Über ihr Privatleben tritt George deutlich zurückhaltender auf. Für ein sachliches Porträt sind deshalb vor allem ihre dokumentierten Arbeiten, Filme, Ausstellungen und ihre Rolle im Umfeld der Stiftung relevant.
Häufige Fragen zu Tanja George
Wer ist Tanja George?
Tanja George ist eine in Wien geborene, in Deutschland aufgewachsene Künstlerin und frühere Filmemacherin. Sie ist die Tochter der Schauspieler Götz George und Loni von Friedl und entwickelte einen großen Teil ihrer beruflichen Laufbahn in Australien.

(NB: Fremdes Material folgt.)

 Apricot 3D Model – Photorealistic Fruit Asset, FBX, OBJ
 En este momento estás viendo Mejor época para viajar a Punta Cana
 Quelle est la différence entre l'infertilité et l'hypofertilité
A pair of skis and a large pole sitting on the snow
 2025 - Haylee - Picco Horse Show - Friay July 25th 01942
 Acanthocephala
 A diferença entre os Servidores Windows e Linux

Was macht Tanja George beruflich?
Ihr heutiger künstlerischer Schwerpunkt liegt auf der Bildhauerei. Zuvor arbeitete sie journalistisch sowie als Regisseurin, Drehbuchautorin und Produzentin von Kurzfilmen und Dokumentationen.
Ist Tanja George die Tochter von Götz George?

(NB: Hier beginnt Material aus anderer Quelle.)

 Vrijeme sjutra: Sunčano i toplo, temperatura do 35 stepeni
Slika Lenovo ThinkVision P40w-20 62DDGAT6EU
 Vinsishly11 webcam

Ja. Tanja George ist die gemeinsame Tochter von Götz George und der österreichischen Schauspielerin Loni von Friedl.
Welche Filme hat Tanja George gemacht?
Zu ihren bei Screen Australia dokumentierten Kurzfilmen gehören unter anderem „Kiss Me“, „Freud“, „Rosa L“ und „Wicked Women“.
Lebt Tanja George in Australien?
Tanja George zog 1989 nach Australien. Die Götz George Stiftung beschrieb sie 2018 als seit fast 30 Jahren in Melbourne lebende und arbeitende Künstlerin; auch ihre dokumentierten Ausstellungen konzentrieren sich stark auf Melbourne und den australischen Kunstbetrieb.
Welche Rolle spielt Tanja George beim Götz George Preis?
Sie gestaltete die Preis-Skulptur, deren Form von der charakteristischen Unterschrift ihres Vaters inspiriert wurde. Die Auszeichnung wird von der Götz George Stiftung vergeben.
Fazit
Tanja George hat sich trotz ihrer Herkunft aus einer bekannten Schauspielerfamilie eine eigenständige künstlerische Laufbahn aufgebaut. Journalismus, Filmstudium und Regie bildeten die frühen Stationen, bevor die Bildhauerei zu ihrem zentralen Ausdrucksmittel wurde. Australien – insbesondere Melbourne – spielte dabei eine entscheidende Rolle. Gleichzeitig verbindet der von ihr gestaltete Götz George Preis ihre eigene Arbeit auf besondere Weise mit dem künstlerischen Erbe ihres Vaters.